Chinese Tech Workers Are Being Told to Train Their Own AI Replacements

AI news: Chinese Tech Workers Are Being Told to Train Their Own AI Replacements

Your boss wants you to build a version of yourself that doesn't need a salary. That's the situation facing a growing number of tech workers in China, where managers are reportedly instructing employees to train AI agents - software programs that can take actions and make decisions on someone's behalf - that can replicate their specific skills and work style.

The backlash has been notable. Earlier this month, a GitHub project called Colleague Skill surfaced online claiming it could let workers "distill" a colleague's skills and personality traits into an AI replica. The project quickly became a flashpoint - not because of what it could technically do, but because of who was ordering its use. According to MIT Technology Review, workers who had previously been enthusiastic early adopters of AI tools are now doing a harder rethink about where this trajectory leads.

The uncomfortable part isn't the technology. There's a meaningful difference between choosing to use AI to handle the repetitive parts of your job and being told by your employer to hand over a detailed blueprint of how you think and work. The first is a productivity tool. The second is closer to writing your own replacement manual.

What Colleague Skill Actually Does

The project's premise is straightforward: feed it enough examples of someone's output - their writing, their decisions, their communication patterns - and it produces an AI model trained specifically on that person's working style. The framing in the project description is collaborative, workers helping each other "capture" institutional knowledge. But when the instruction to use it comes from management, "capturing expertise" starts to sound like documentation for an exit package.

This is the tension that's proving hard to resolve. AI agents have been sold to workers as tools that handle the low-value work, freeing up time for judgment and creativity. The shift to treating those agents as role substitutes rather than assistants changes the relationship entirely. You're no longer using a tool. You're training your successor.

The Pushback Is About Power, Not Technology

These aren't Luddites. The MIT Technology Review piece makes clear these are workers who adopted AI tools early and use them regularly. Their hesitation isn't about whether AI can replicate their skills - it's about who controls the replica once it exists, and what the company does with it next.

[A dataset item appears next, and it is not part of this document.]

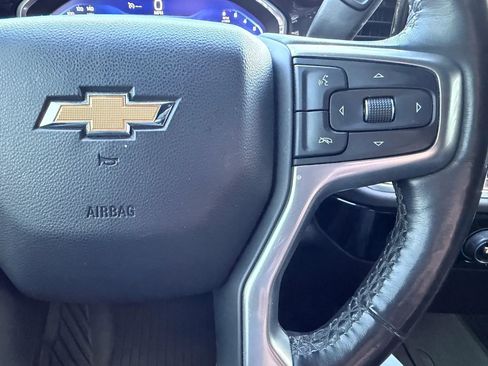 Used 2022 Chevrolet Silverado 1500 LT w/ Z71 Off-Road Package AWD/4WD image 31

That makes this a different kind of debate than the standard "automation will take jobs" argument. The typical framing is that AI will eventually displace workers, and companies will make that call when the economics work. The Colleague Skill moment is something else: workers being asked to participate directly in building the system that displaces them, as an assigned work task, right now. That's a meaningfully different ask.

The pushback in China suggests plenty of people recognize the distinction - even if they haven't yet figured out how to refuse.